That’s not me saying that; it’s Stephen Hawking, in his new book which will be released next week. Or, at least, it’s what CNN says Hawking is saying:
Hawking says in his book “The Grand Design” that, given the existence of gravity, “the universe can and will create itself from nothing,” according to an excerpt published Thursday in The Times of London.
“Spontaneous creation is the reason why there is something rather than nothing, why the universe exists, why we exist,” he writes in the excerpt.
“It is not necessary to invoke God to light the blue touch paper [fuse] and set the universe going,” he writes.
Hawking also, according to this CNN piece, refers to the argument made by some people that since the laws of physics that govern our universe make possible a planet like Earth, where life can exist, that means God must have created the universe in such a way that human life could develop. Hawking responds with string theory and the possibility of multiple universes, which of course would mean there is nothing special about our universe. But I don’t see how the physics of our universe, or whether our universe is the only one or only one of many, affects the existence of God. Why would God’s existence be less likely if the universe we live in is not the only one, or if the planet we live on is not the only planet with intelligent life, even in this universe?
In a way, Hawking is accepting the validity of the very arguments he says are false in order to deny the existence of God: If those are the arguments people make to prove God exists, and then if those arguments are false, that must mean the existence of God is false as well. To me, though, it’s just as illogical to claim that you have disproved God’s existence by disproving the arguments made for God’s existence as it is to argue for God’s existence using illogical arguments to start with.

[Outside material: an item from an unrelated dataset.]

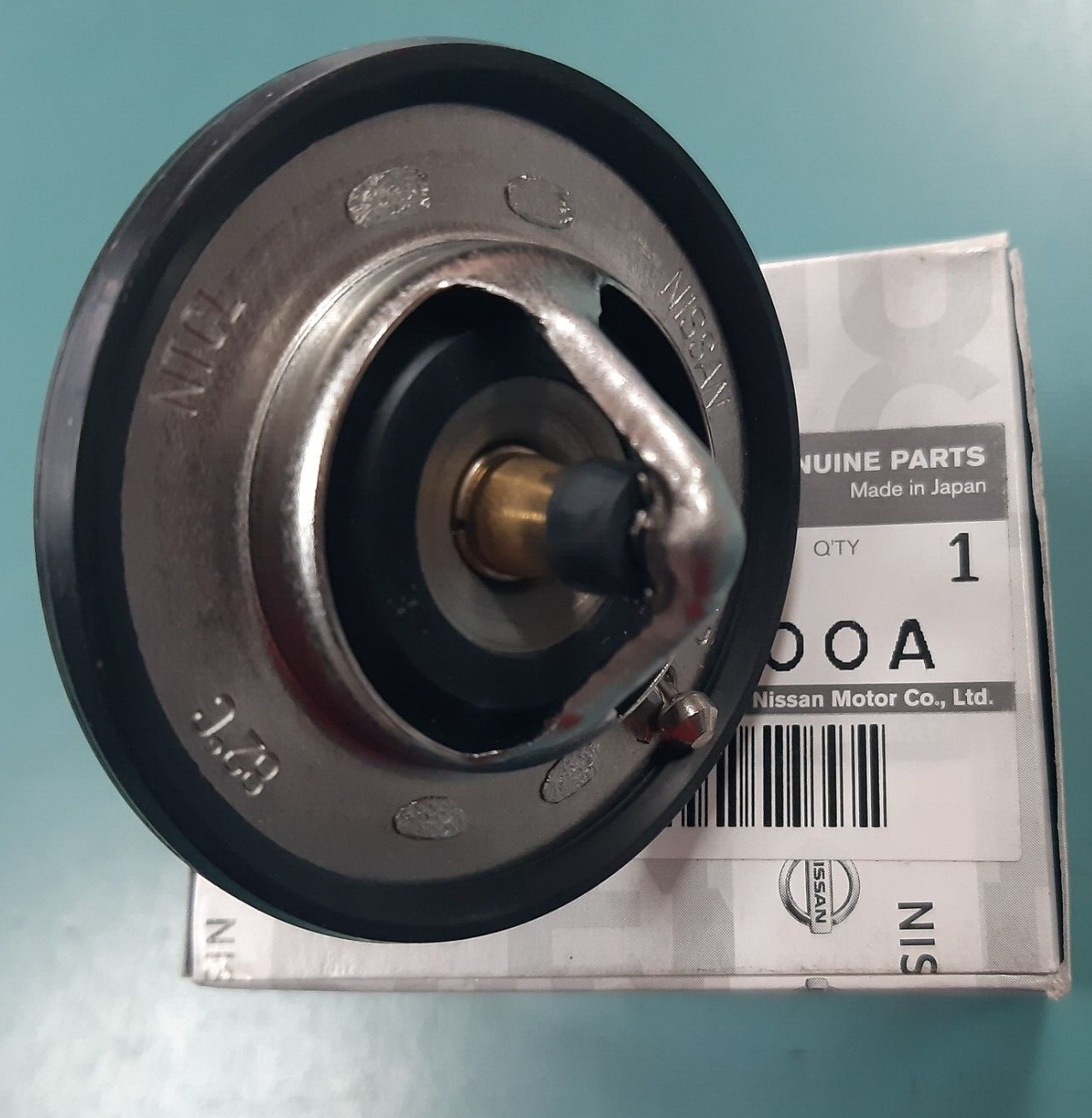 GENUINE THERMOSTAT NISSAN QASHQAI J10 1.6L HR16DE,2.0L MR20DE,XTRAIL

Obviously, even using words like “prove” or “disprove” to argue for or against the existence of God is a bit ridiculous, since by definition one can never do either one. How can you prove or disprove the existence of something without a definition of the something? The answer to any conversation that begins with the question, “Do you believe in God?” should not be “Yes,” “No,” or even “I don’t know.” It should be “Define God, and then I’ll tell you if I believe that thing exists.”